Oct 2, 2003 -- The chief American weapons inspector, David Kay, reports to Congress that, after three months of searching Iraq, his team, the Iraq Survey Group, has not found WMD in Iraq.

 

Oct. 2, 2003 – Emails from the Office of the Vice President are missing for this day.

 

Oct. 2, 2003 – The leak investigation is extended to the Defense Department and State. A team of FBI agents from counterintelligence and inspections divisions assembled to conduct the CIA leak investigation question Armitage, who admits that he passed the information about Wilson’s wife to Novak.

 

Same day – Newspapers including the Washington Post report opinion polls showing that a majority of people believe an independent counsel, rather than the Justice Department, should handle the CIA leak. The New York Times reports that Ashcroft's former chief of staff is now the deputy finance chairman of President Bush's 2004 reelection campaign, and the Los Angeles Times reports that the Assistant Attorney General is an old friend of Bush’s from the Skull and Bones Society of their Yale days.

 

It is always wonderful to see newspapers recover their spine. Amazingly, three of the most important newspapers in the U.S. all recover their spine on the same day, about the same story. Some Washington insiders predict wisely that leak investigations never lead to anything. Questions about administration credibility in general, it is suggested, may go far enough to taint this particular leak investigation conducted by personnel and entities in the administration.

 

Same day -- Jeff Gannon/James Guckert weighs in with another editorial question on the Plame matter at a McClellan press briefing:

“Jeff.

Q Scott, in addition to the controversy surrounding Ambassador Wilson's wife we've seen open, public dissension in the State Department, the EPA inspector general has made claims that the White House doctored air quality reports, and Senator Clinton is using this to hold up the nomination of Governor Leavitt for the EPA post. Still others leave the administration, write an op ed criticizing the administration, and then join a Democratic presidential nominee's campaign.

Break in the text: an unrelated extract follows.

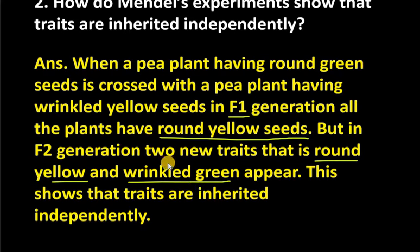One new trait was round green seeds. We had crossed these 2 characters, and in the F1 generation it was dominated by the round yellow seeds. Now when they crossed to the F2 generation, we have two new traits — round green and wrinkled yellow — showing these traits were inherited independently. So the dihybrid cross shows that the traits are inherited independently.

My question is, is the president, or anyone else in this administration, concerned that the Clinton holdovers are undermining the administration?

MR. MCCLELLAN: In a certain department?

Q Yeah, in these various departments.

MR. MCCLELLAN: I think that the president has assembled a team that is working together to implement his priorities. We have a strong team that is in place that is trying to implement what the president's focus is.

Q But time and time again, you'll see one holdover from various departments criticizing the administration and --”

 
Scott McClellan will continue to call on Gannon/Guckert throughout his tenure as WH press secretary. At every juncture—as other journalists eventually recognize—the questions will be predictably tied to the administration line. This particular line, that holdovers or liberals from previous administrations are somehow sabotaging administration efforts, is almost exactly that taken by Frank Gaffney in the Washington Times column quoted in August 2003 regarding the Bureau of Intelligence and Research in the State Department.